Mit dem ganzen Verfahren kann man auch Kunst betreiben. Man kann z.B. mit einem Pinsel auf dem Titan malen. Auch das ist recht einfach. Werkstück an die Anode klemmen. Ein Pinsel nehmen bei dem die Haare in einem Metall eingefasst sind.

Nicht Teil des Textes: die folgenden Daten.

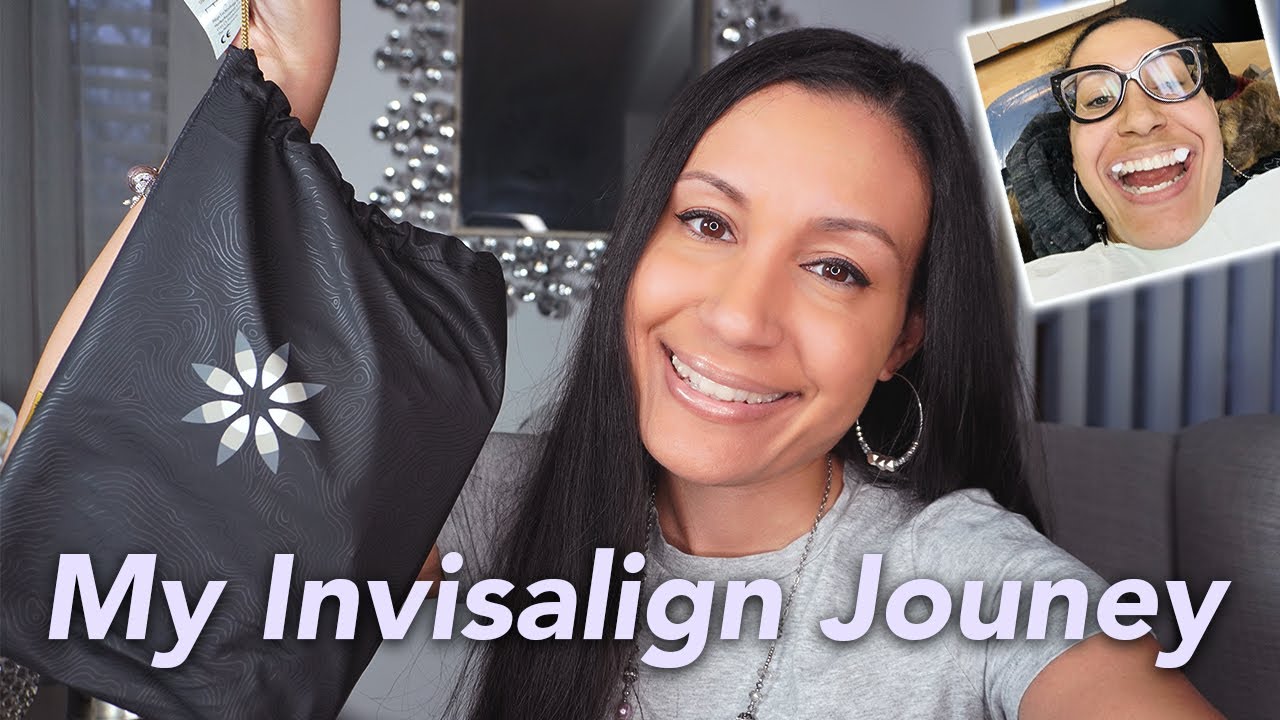 My Invisalign Journey - 1 month in - What they don't tell you!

Die Kathode an das Pinselblech und den Pinsel mit etwas Säure benetzen. Jetzt kann man auf dem Titan einfach malen.
Und nun zum negativen Teil des ganzen:
- hier wird mit Säure hantiert ! Schutzkleidung tragen. Augeschutz und Handschuhe sind ebenso pflicht.
- Die Spannung mit der hantiert wird kann bis knapp über 100 Volt gehen. je nachdem welche Farbe benutzt wird
- die Anodisierung ist nicht mehr einfach entfernbar da die Oxidschicht sehr widerstandsfähig ist.
Es gib in amerika ein Mittel namens "Multi-Etch". Das Pulver scheint keine Säure zu sein. Es wird wohl einfach mit Wasser angesetzt und erwärmt. Danach kommt für weinige Sekunden das Titan in die Brühe und schon ist die Anodisierung weg. Super, aber das Zeug gibt es nicht in deutschland. Hat hier jemand eine Idee wie man die Anodisierung ohne Flusssäure oder abschleifen entfernen kann?